At the same time, many of the justices seemed to agree that states should have broad leeway in taking steps to protect the health and safety of residents as they see fit. California voters overwhelmingly approved Prop 12, in part, based on arguments that confinement of pigs is harmful to human health.
“I know you’re going to tell me there’s no scientific proof, but there is certainly a reasonable basis for these people to think this,” said Justice Sonia Sotomayor.
“We don’t think there’s a reasonable basis,” Bishop, the pork industry attorney, replied.
Justice Neil Gorsuch seemed most inclined to side with California. “Californians … voted for this law,” he said. “They don’t wish to have California be complicit, even indirectly, in livestock practices that they find abhorrent, wherever they occur, in California or anywhere else. Why isn’t that a correct understanding of California’s asserted moral interest and why isn’t that an in-state moral interest?”
The justices could narrowly decide the case by simply allowing the pork producers’ legal challenge to move forward and go to trial in lower courts, saying little else and stopping short of a conclusion on the legality of California’s law.
The high court could, alternatively, take a more sweeping approach and clarify a test for when and how a state law violates the Constitution’s commerce clause, perhaps deciding the fate of Prop 12 outright.
During Tuesday’s arguments, several of the justices appeared to feel out a middle ground.
“Why can’t California solve for its morality issue in a different way,” asked Justice Ketanji Brown Jackson, “[and] simply allow California to express its morality interest through a less burdensome means, like segregating Iowa’s pork when it comes in, putting a big label over it that says ‘this is immorally produced’ or whatever — and that won’t hurt Iowa as much? Why can’t we say that that’s the way this should be?”
As the court took up the case, there were already signs market forces and consumer preferences have been nudging producers toward what animal advocates consider more ethical practices.
“They need more farmers doing it this way to meet the demand,” Ruth Jovaag, co-owner of the Jovaag Family Farm in Austin, Minnesota, previously told ABC News. “There’s not enough supply.”

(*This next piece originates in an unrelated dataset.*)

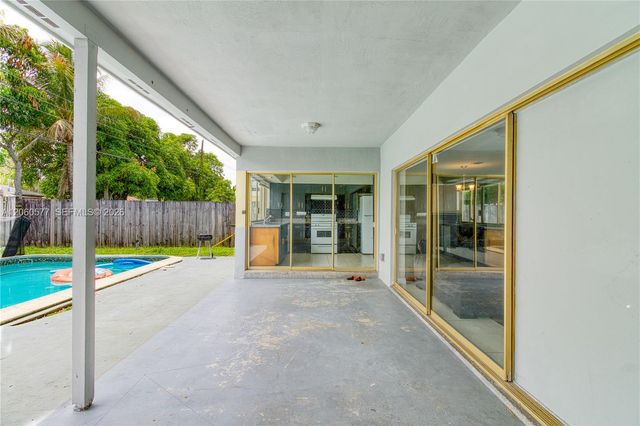 6620 NW 21st Ct, Sunrise, FL 33313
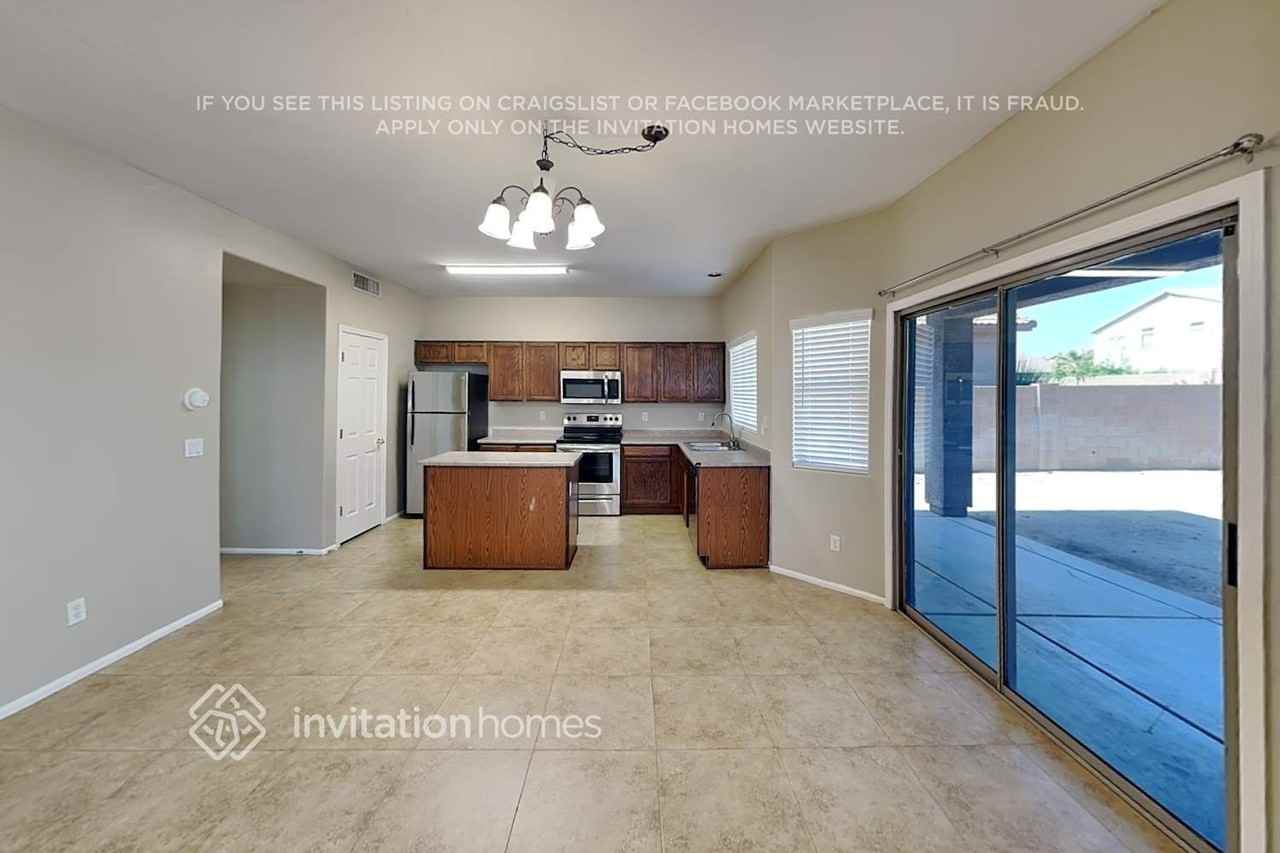 1640 S 171st Dr - Photo 5 of 18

The Jovaag Family Farm is part of the Niman Ranch network of family farmers who specialize in certified “humanely-raised” pigs and other animals. They abandoned gestation stalls, or crates, years ago and now give pregnant sows more than 60-square-feet each, piles of comfortable hay and fresh air and sunlight.
Mike Boerboom, a third-generation hog farmer who raises thousands of sows in confinement every year, hopes the justices will conclude that Californians have gone too far.
“We produce a lot of food to feed the rest of the country,” he told ABC. “It’s California today,” he added, “but are there going to be more mandates that come potentially from every other state? That’s the fear.”